[Start of section]

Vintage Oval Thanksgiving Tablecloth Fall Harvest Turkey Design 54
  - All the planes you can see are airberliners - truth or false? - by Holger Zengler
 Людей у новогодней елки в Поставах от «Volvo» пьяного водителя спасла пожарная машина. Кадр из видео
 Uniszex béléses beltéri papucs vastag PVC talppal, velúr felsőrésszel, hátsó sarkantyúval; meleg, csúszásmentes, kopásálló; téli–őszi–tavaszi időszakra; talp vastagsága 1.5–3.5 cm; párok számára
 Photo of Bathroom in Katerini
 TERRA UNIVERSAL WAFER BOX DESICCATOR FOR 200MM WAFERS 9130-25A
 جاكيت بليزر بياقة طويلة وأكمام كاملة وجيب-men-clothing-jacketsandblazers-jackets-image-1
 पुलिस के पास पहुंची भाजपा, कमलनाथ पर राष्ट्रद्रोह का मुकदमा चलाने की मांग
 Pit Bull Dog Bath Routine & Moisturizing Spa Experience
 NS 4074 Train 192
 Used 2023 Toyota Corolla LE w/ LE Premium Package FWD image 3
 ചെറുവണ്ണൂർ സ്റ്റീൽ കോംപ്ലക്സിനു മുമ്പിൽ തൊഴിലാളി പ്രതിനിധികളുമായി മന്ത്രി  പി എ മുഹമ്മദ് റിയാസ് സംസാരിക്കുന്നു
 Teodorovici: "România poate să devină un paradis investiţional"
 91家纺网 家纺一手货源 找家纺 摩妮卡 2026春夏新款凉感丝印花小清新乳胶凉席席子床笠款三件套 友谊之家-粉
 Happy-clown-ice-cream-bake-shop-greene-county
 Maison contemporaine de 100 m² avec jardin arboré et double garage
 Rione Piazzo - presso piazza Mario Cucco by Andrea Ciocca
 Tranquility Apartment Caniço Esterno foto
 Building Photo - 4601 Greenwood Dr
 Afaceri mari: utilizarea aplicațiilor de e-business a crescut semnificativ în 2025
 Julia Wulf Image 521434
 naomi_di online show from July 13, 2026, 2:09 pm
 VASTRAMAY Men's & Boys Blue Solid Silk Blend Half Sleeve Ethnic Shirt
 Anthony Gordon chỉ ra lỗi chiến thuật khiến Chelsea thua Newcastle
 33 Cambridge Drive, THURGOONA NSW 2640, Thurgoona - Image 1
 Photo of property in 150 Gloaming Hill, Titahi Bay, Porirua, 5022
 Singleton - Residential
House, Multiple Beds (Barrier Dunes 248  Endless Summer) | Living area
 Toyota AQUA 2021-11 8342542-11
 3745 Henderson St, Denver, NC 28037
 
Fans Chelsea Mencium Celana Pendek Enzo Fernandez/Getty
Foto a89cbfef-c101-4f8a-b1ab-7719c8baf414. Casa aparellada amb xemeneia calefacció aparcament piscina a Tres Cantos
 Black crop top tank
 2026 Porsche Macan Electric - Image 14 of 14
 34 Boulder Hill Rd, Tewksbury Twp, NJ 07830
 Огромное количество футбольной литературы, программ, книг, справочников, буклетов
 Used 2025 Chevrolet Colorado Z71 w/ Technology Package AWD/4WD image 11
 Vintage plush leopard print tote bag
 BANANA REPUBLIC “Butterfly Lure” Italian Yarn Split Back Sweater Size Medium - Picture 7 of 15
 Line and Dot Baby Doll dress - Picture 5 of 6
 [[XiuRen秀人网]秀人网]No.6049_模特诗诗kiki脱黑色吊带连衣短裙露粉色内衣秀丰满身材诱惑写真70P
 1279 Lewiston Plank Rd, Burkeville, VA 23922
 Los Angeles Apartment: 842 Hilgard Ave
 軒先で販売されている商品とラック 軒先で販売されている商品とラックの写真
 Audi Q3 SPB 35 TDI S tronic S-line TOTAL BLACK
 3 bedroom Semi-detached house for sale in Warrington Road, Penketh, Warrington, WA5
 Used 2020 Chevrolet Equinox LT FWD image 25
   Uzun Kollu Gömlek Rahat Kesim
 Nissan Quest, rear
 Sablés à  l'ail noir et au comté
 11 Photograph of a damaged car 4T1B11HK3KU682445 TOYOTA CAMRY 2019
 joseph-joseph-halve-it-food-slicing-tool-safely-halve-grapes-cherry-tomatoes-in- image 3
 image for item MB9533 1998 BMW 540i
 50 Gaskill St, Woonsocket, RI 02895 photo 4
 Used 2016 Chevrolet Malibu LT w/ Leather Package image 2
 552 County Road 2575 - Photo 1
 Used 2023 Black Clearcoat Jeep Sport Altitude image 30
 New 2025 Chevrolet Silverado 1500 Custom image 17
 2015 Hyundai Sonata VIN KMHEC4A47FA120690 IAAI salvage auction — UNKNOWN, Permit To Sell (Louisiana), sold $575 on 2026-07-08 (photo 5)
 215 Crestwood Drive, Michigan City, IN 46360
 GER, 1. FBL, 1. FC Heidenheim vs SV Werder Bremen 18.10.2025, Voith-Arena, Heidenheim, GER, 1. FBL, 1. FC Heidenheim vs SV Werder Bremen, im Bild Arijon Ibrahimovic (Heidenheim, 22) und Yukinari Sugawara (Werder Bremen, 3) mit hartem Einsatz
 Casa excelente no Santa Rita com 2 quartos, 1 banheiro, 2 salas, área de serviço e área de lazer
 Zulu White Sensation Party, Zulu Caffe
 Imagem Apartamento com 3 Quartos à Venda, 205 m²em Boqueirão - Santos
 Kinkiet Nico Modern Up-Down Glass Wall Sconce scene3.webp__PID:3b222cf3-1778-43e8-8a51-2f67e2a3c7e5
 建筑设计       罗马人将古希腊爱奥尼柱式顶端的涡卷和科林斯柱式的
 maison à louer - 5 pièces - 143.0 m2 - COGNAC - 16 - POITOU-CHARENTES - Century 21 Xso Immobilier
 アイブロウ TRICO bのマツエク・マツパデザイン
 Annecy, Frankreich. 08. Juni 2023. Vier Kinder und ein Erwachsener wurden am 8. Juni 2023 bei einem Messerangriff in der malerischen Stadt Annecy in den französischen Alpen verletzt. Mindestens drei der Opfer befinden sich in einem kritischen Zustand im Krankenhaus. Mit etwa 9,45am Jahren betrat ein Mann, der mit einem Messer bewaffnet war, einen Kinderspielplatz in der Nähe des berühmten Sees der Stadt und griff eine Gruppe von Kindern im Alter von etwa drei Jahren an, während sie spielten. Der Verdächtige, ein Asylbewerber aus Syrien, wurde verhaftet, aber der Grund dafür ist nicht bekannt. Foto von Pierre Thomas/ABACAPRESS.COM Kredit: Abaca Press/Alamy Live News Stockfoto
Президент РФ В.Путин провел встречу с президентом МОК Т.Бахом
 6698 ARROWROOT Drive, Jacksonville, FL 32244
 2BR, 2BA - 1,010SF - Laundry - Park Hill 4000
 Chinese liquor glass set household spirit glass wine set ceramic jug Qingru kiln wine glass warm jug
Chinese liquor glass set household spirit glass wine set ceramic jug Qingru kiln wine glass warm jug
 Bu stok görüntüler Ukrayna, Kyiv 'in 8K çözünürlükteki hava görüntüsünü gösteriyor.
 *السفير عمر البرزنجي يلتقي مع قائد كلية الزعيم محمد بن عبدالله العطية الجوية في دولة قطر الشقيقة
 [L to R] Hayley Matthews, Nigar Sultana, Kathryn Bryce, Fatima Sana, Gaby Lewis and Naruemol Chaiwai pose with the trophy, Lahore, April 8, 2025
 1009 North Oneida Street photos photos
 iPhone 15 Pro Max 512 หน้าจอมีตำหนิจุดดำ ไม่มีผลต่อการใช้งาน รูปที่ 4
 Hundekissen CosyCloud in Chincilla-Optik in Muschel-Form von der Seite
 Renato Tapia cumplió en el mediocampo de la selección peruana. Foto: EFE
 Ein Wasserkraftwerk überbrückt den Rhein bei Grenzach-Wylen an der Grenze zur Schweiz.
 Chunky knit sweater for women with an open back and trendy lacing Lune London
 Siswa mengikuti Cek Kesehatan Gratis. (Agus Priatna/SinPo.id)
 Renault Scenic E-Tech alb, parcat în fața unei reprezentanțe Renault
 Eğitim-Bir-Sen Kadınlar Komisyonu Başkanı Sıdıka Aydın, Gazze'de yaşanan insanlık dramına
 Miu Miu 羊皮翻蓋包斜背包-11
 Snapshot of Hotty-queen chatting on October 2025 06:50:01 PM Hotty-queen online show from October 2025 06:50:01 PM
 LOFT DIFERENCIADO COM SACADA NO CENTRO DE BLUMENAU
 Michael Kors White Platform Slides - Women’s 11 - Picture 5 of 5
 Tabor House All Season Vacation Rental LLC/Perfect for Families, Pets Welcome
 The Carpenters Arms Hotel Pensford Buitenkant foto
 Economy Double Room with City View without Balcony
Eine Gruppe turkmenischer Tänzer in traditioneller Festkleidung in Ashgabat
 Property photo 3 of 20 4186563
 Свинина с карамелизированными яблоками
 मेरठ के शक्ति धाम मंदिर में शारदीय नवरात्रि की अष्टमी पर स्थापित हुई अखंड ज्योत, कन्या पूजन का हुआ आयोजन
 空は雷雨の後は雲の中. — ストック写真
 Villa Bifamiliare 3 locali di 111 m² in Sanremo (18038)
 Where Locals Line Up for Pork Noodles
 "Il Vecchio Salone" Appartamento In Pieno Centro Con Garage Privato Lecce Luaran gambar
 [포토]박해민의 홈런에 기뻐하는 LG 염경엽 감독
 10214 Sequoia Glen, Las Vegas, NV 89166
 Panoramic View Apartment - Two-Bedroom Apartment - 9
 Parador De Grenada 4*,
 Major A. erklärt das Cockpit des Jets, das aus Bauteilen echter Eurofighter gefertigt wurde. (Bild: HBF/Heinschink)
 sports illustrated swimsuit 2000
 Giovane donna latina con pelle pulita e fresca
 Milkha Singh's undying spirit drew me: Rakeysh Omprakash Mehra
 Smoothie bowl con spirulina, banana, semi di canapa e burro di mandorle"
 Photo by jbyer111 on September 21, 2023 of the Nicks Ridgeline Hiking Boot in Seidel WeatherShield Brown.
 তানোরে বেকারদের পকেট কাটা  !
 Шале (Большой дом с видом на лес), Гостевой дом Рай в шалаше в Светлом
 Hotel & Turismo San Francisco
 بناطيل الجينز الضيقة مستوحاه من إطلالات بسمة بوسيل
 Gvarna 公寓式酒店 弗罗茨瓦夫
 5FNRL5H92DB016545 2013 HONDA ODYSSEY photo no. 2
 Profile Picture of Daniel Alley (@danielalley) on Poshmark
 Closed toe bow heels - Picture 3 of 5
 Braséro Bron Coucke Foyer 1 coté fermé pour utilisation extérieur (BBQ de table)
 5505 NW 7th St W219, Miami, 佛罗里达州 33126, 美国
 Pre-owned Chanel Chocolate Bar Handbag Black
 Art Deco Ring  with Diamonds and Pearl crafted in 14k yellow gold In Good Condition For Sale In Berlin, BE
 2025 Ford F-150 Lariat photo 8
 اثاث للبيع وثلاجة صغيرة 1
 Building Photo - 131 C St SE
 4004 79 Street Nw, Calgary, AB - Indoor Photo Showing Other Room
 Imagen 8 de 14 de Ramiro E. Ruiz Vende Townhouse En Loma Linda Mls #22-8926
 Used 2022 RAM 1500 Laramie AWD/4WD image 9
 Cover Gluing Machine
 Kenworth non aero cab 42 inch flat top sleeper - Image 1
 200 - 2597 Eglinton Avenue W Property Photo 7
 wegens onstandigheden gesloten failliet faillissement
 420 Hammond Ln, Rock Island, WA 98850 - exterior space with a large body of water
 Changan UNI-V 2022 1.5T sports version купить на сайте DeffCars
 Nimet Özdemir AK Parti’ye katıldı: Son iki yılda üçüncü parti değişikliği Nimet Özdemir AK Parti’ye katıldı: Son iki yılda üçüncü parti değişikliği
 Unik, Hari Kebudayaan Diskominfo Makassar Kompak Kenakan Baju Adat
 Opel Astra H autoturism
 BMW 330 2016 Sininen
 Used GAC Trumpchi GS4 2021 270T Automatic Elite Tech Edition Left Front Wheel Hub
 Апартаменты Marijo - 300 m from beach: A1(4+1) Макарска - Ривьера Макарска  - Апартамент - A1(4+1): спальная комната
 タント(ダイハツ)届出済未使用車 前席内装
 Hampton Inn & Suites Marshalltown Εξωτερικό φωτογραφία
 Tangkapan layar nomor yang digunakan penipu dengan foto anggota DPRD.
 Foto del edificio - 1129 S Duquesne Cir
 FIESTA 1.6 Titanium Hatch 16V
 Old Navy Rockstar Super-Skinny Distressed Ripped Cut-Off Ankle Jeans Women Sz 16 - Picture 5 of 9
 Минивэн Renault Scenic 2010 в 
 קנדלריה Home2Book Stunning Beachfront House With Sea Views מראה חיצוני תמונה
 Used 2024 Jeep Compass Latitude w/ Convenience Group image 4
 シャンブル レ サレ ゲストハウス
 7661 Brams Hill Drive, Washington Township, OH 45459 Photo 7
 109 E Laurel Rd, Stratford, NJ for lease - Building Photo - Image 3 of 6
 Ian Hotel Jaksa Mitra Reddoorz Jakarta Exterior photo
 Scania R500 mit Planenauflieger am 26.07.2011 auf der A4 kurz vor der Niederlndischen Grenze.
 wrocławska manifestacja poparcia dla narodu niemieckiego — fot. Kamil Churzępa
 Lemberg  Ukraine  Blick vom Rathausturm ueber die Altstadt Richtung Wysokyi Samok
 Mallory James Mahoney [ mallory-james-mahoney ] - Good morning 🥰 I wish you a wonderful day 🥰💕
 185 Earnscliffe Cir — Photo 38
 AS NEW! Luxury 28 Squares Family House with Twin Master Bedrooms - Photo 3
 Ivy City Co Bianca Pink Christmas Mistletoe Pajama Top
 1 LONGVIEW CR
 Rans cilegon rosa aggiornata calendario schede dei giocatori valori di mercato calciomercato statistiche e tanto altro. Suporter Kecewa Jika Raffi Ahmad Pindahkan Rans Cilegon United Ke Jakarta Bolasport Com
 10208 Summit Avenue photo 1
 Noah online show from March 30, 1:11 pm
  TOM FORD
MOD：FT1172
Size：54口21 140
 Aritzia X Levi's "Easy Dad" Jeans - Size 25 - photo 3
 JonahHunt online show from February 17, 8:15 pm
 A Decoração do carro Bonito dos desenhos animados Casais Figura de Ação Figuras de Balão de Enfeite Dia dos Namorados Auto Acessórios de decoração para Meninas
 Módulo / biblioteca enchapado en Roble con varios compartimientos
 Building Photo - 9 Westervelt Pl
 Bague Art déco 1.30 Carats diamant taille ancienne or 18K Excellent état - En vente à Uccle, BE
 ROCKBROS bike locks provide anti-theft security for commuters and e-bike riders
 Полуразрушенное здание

[End of section]

• Instructions for the task:
Starting at the line with "Photo of Bathroom in Katerini" and ending at the line with "NS 4074 Train 192", print each line of the listing above exactly, with no other lines.

• Finished exercise:
 Photo of Bathroom in Katerini
 TERRA UNIVERSAL WAFER BOX DESICCATOR FOR 200MM WAFERS 9130-25A
 جاكيت بليزر بياقة طويلة وأكمام كاملة وجيب-men-clothing-jacketsandblazers-jackets-image-1
 पुलिस के पास पहुंची भाजपा, कमलनाथ पर राष्ट्रद्रोह का मुकदमा चलाने की मांग
 Pit Bull Dog Bath Routine & Moisturizing Spa Experience
 NS 4074 Train 192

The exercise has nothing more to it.